I did a first try with rule based raw filter but filter just the exact word, so ID 511 is not considered.
thank you
thank you! I tried the pivoting like in your example, but something is still wrong… after the pivot not every cell get the TRUE/FALSE and I get some red question marks instead.
Hello @gonhaddock thank you for this workflow, I think it’s pretty suitable for my model. Just some points, I will have a big amount of data, the IDs are repeated many times on both data source so after the join I’ll have many repeated rows. Is there a way to avoid the join?
or Alternatively I could keep the table produced by the pivoting function and then filter by ID and words. How can I close the loop though if I want to stop it after the pivoting and don’t aggregate the data?
thank you
Hello @CYLE
I’ll try to answer theses in question order:
I don’t think that you can avoid the Joiner.
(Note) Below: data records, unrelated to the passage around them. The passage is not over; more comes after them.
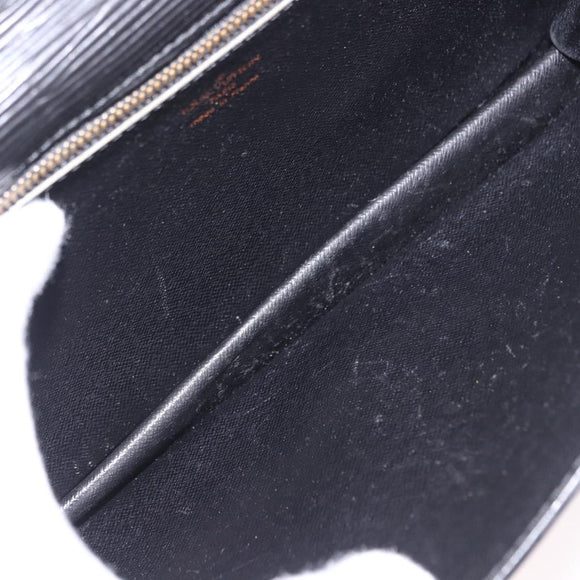 LOUIS VUITTON Epi Sellier Dragonne Clutch Bag Black M52612 LV Auth ka5547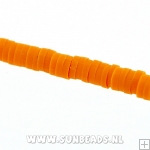 Fimo schijfje 4mm (oranje)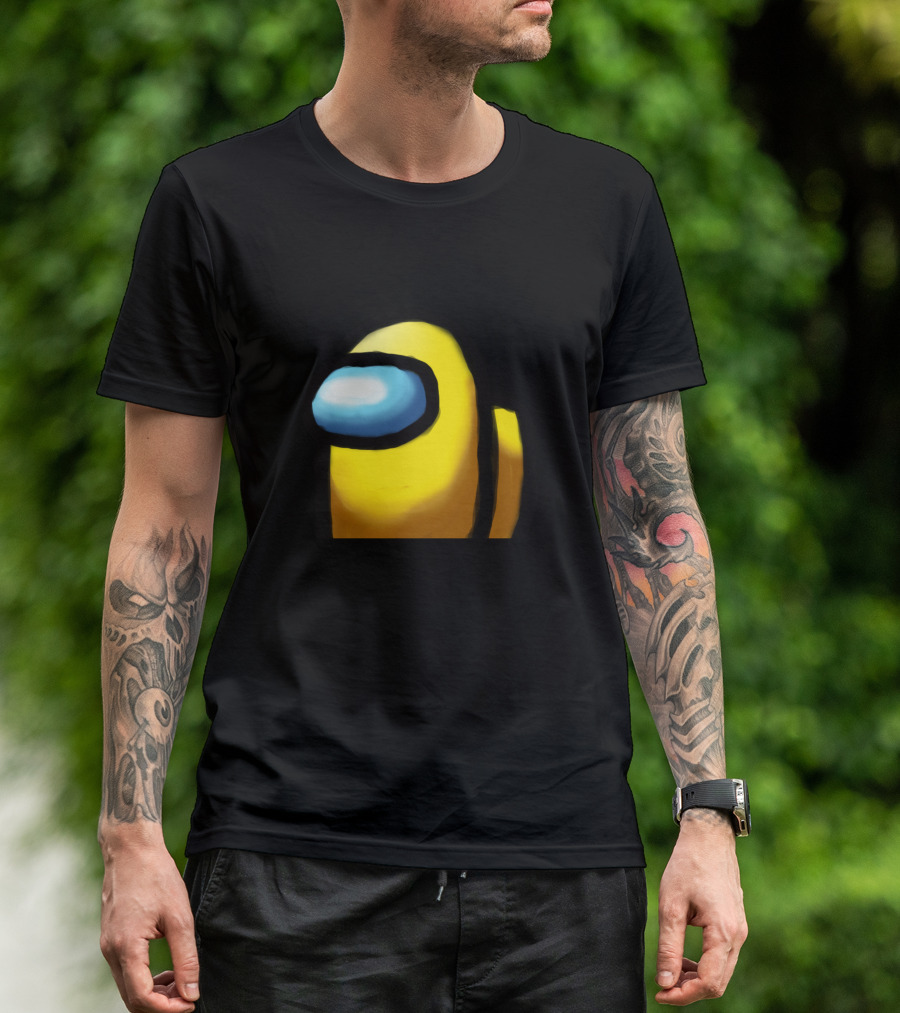 Among Us Yellow Crewmate Character T-Shirt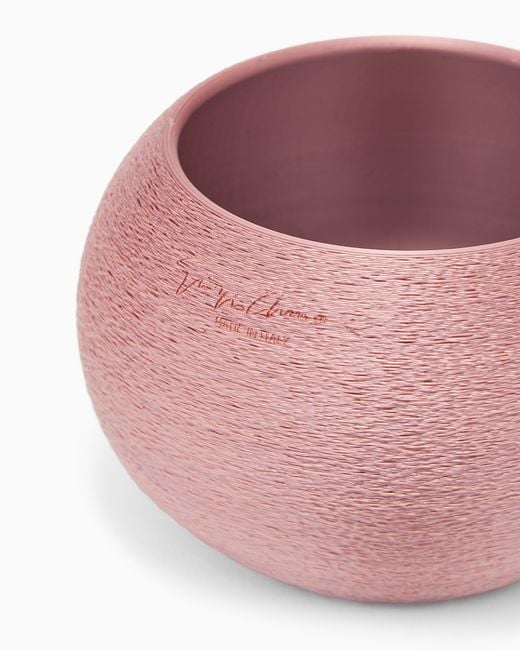 Giorgio Armani Pink Fabric-Effect Round Bracelet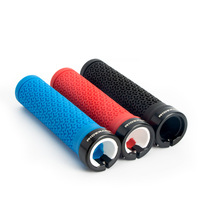 Poignées de vélo intégrées en caoutchouc antidérapant, housse de guidon de VTT, fixation pour guidon de vélo de montagne, poignées de guidon BMX, pièces de vélo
But as an improvement focusing on performance, you can test to move the joiner inside the loop.
The repetition of the IDs is related to your pre-processing and I just can guess no robust solutions by scoping this mock data.
The main concern would be the repetition in the wildcard reference table (?) I cannot guess that your table relation is 1:1 as in the example, being the RowID your truly ID. As duplicated reference ID invalidates the UniqueID function. Relying on sorting you can play around with parallel rank (Dense) function in both tables, then use a double column for the Join columns() match .
Alternatively you can test to ‘Remove Duplicates’ after the join.
You can remove the loop and the worflow still works until pivoting node, but if your wildcard reference table is too large, you will end with a huge matrix mostly covered with nulls to be handle. Collecting the concatenate in the loop end was just a proposal of output. The shape you can display the data is more about your use case / functional requirement.
SUMMARIZING:
I pointed you to the mechanics of handling the data.
Aiming to help you about upgrading the workflow; you may want to extend the mock example trying to reproduce double ID issue.
Besides, if you could share an envision of your expected output would be great.
Hi @gonhaddock thanks for the hint. Starting from your workflow I added at the beginning an index column to get a unique identification of each rows, then I removed the loop and added a groupBy after the pivoting using the index as grouping and some concatenates in the manual aggregation. So I get as result a column with all the accepted words for each line. Would be great also to get another column with the not found words but I still have to figure out how.